Le chemin sentait la noisette. Nous étions en octobre 2020 et pour la première fois l’homme sortait se promener, seul, dans ce bois, le long du fleuve. Âgé, grand, mince, il marchait un peu vouté, d’un pas lent, comme exténué par ces quelques huit mois d’immobilisation forcée. Sa marche était celle d’un grand convalescent faisant ses premiers pas dans les couloirs des hôpitaux. Les cheveux, très longs, cachaient son front et on ne pouvait voir que ses yeux puisqu’un masque en tissu lui mangeait littéralement le visage.
Dans sa maison, pour fêter cette libération, ils avaient bu un peu de champagne en grignotant quelques toasts aux crevettes. La veille au soir, le président avait annoncé la levée partielle du confinement sanitaire au journal télévisé. Et ils avaient préparé cet apéritif pour en fêter le premier jour. Allait-on retrouver le sentiment de faire partie de la société ? D’être utile ? D’être fort ? Il ne le croyait pas.
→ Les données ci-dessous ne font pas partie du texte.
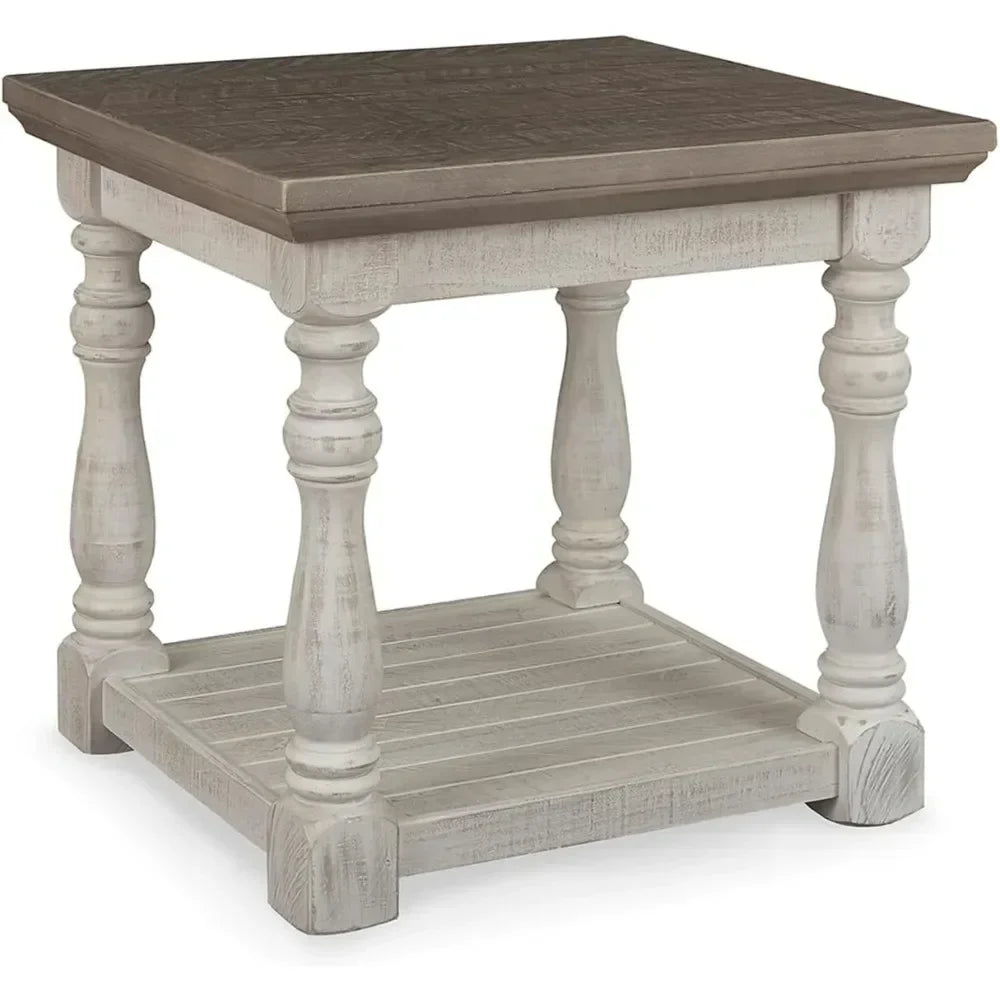 Farmhouse Square End Table With Floor Shelf Vintage Finish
Presque certain que cette assignation à résidence avait cassé en lui bien plus que sa vitalité musculaire, il avait voulu sortir seul, pour la première fois.
L’homme qui marchait dans le sous bois retrouvait cette sensation ancienne : la liberté, celle d’aller où il voulait. Mais il avait compris que cette liberté ne serait plus jamais, pour lui, associée à l’innocence et à l’inconscience de sa propre faiblesse. Il n’y aurait plus jamais de nudité face au soleil.
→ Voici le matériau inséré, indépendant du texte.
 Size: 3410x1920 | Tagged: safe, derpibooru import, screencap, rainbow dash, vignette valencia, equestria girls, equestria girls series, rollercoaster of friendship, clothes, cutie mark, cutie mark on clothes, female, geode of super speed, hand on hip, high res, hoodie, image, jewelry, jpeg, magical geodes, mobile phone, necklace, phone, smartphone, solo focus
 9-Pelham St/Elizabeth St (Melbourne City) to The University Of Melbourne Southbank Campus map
Ce texte est écrit avec une contrainte de 6 mots, donnée par ma compagne: noisette, masque, champagne, crevette, nudité, soleil.
Vous pouvez m’en envoyer 6 autres.
Caillou, le 16 avril 2020
Très réaliste et nostalgique et pas seulement du passé… Peut-on être nostalgique du futur???
Très joli texte
Je te propose 6 mots : soleil, chant, rouge, Chemin, regrets, vie
Merci pour ton partage
Bravo Caillou,
J’ai tellement l’impression que j’aurais pu écrire ce texte!
Il me touche énormément !
C’est vrai, notre innocence en a pris un coup ! Franchement, je ne vais pas pleurer pour ça !! Je te propose chatouille, gribouille, patouille, ratatouille, magouille et rebelle, parce qu’il en faut bien un. Quant au futur, selon le physicien Philippe Guillemant, il existe déjà sous forme de plusieurs possibles que notre état de conscience actuel rend effectif ou pas.